Manipulating Drivers' Mental Workload: Neuroergonomic Evaluation of the Speed Regulation N-Back Task Using NASA-TLX and Auditory P3a
Nikol Figalová, Jürgen Pichen, Vanchha Chandrayan, Olga Pollatos, Lewis Chuang, Martin Baumann
TL;DR
This study tackles the challenge of manipulating mental workload in single-task driving research by applying a standardized speed regulation n-back task. It combines subjective NASA-TLX assessments with objective P3a ERP measurements elicited by novel environmental sounds to validate the MW manipulation. Results show that the 2-back condition is perceived as more demanding and reduces P3a amplitude, supporting the proposed inverse relationship between MW and P3a resources and confirming the method’s reliability and validity.
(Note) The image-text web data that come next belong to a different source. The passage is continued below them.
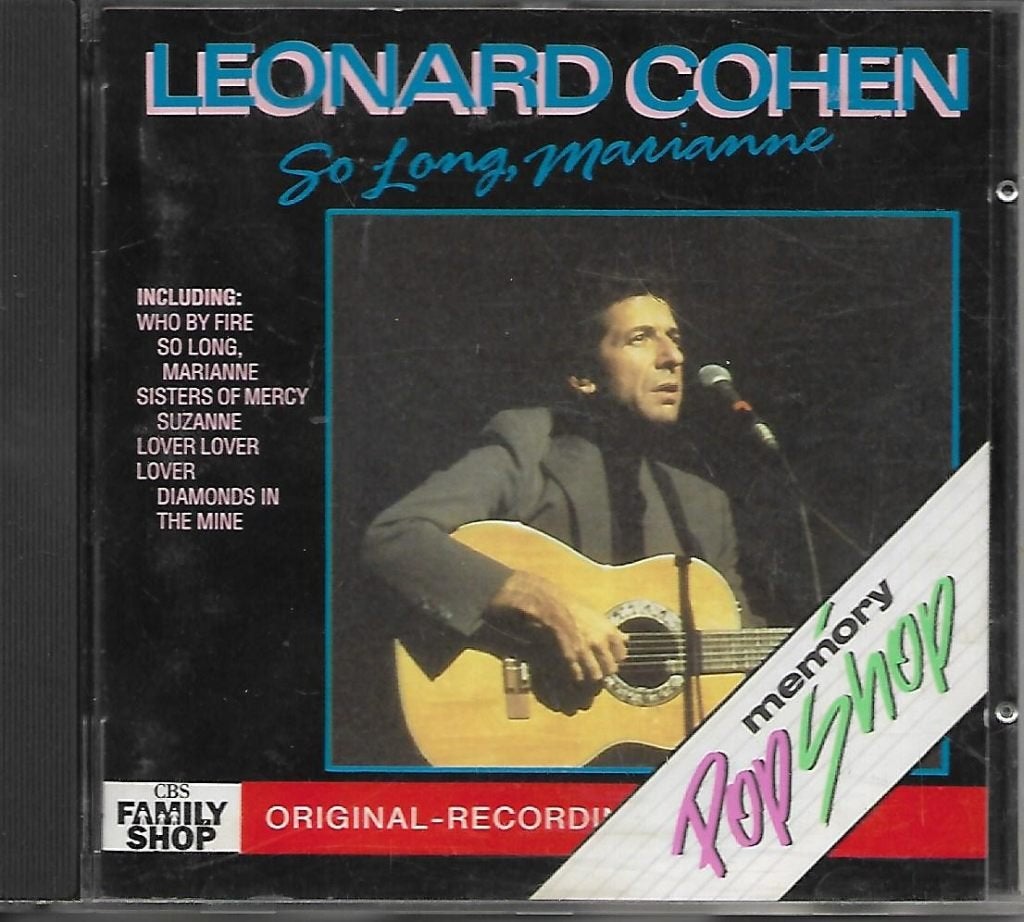 Leonard Cohen - So long Marianne, Ophalen of Verzenden, Gebruikt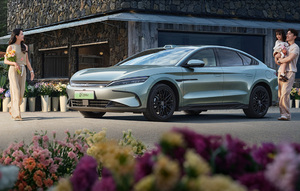 Ridever Gran Oferta BYD Han DM-i Sedán Híbrido Directo de Fábrica Vehículo de Nueva Energía PHEV de Lujo Coche Eléctrico Enchufable 2025 - Product Image 5
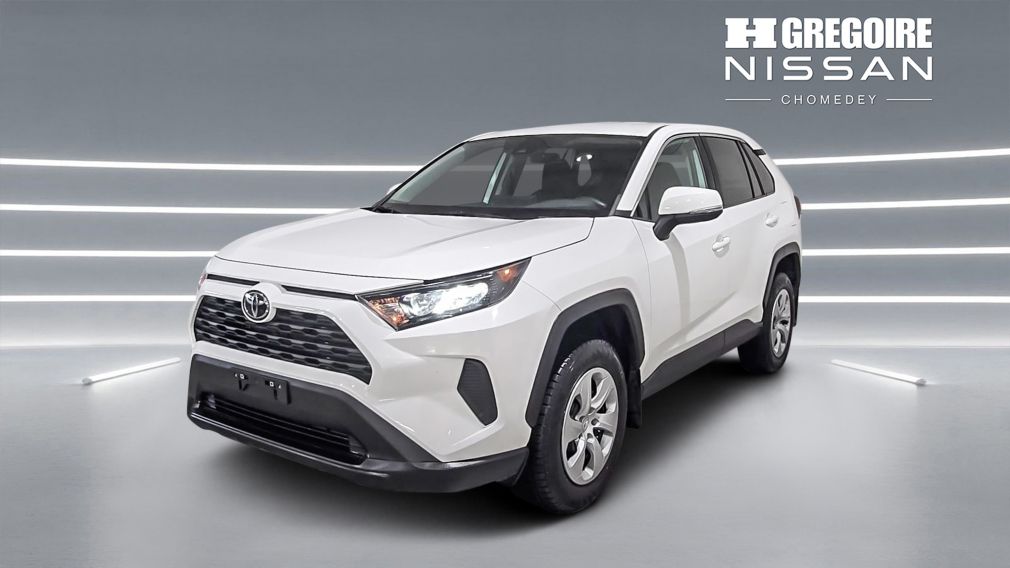 Toyota Rav 4 LE 2023 d&rsquo;occasion à vendre - 3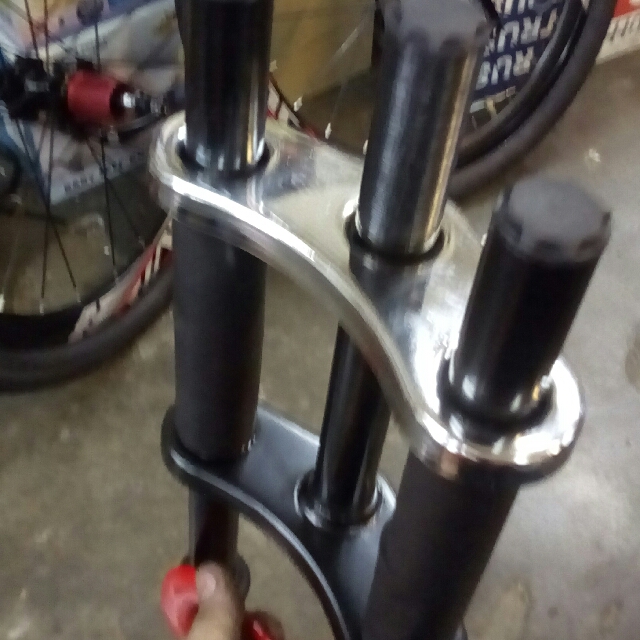 Bmx Double Fork Limited Sports Bicycles On Carousell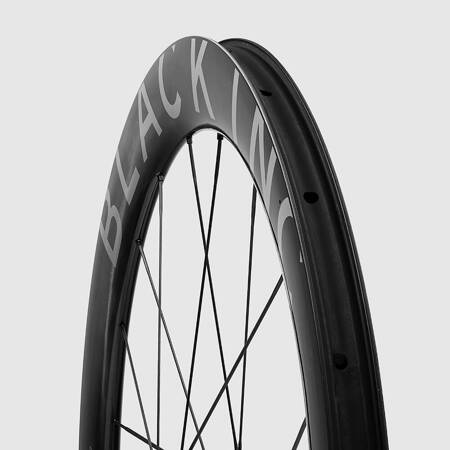 Komplet kół szosowych BLACK INC 48//58 Clincher Disc Brake Silver Label XDR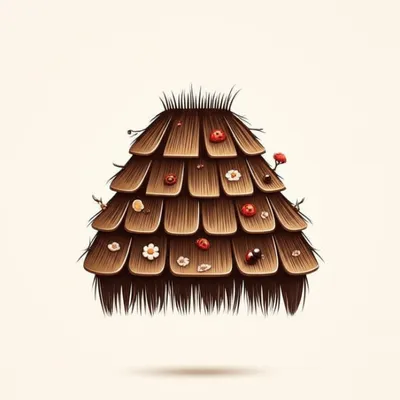 Illustration shingling - Image 1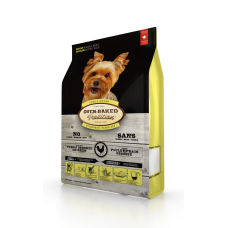 Oven-Baked Tradition повністю збалансований сухий корм для собак малих порід зі свіжого м’яса курятини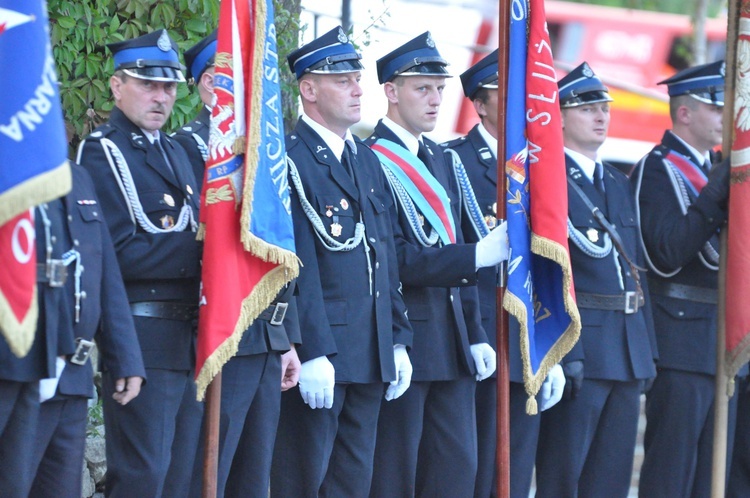 Strażacy u Matki Bożej Pocieszenia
The findings offer a reproducible framework for MW manipulation in driving studies, with implications for experimental control and cross-study comparability.
Abstract
Manipulating MW in driving simulator studies without the need to introduce a non-driving-related task remains challenging. This study aims to empirically evaluate the modified speed regulation n-back task, a tool to manipulate drivers' MW. Our experiment involved 23 participants who experienced a 0-back and 2-back driving condition, with task-irrelevant novel environmental sounds used to elicit P3a event-related potentials. Results indicate that the 2-back condition was perceived as more demanding, evidenced by higher NASA-TLX scores (overall score, mental and temporal demand, effort, frustration). The mean P3a amplitude was diminished during the 2-back condition compared to the 0-back condition, suggesting that drivers experienced higher MW and had fewer resources available to process the novel environmental sounds. This study provides empirical evidence indicating that the speed regulation n-back task could be a valid, effective, and reproducible method to manipulate MW in driving research.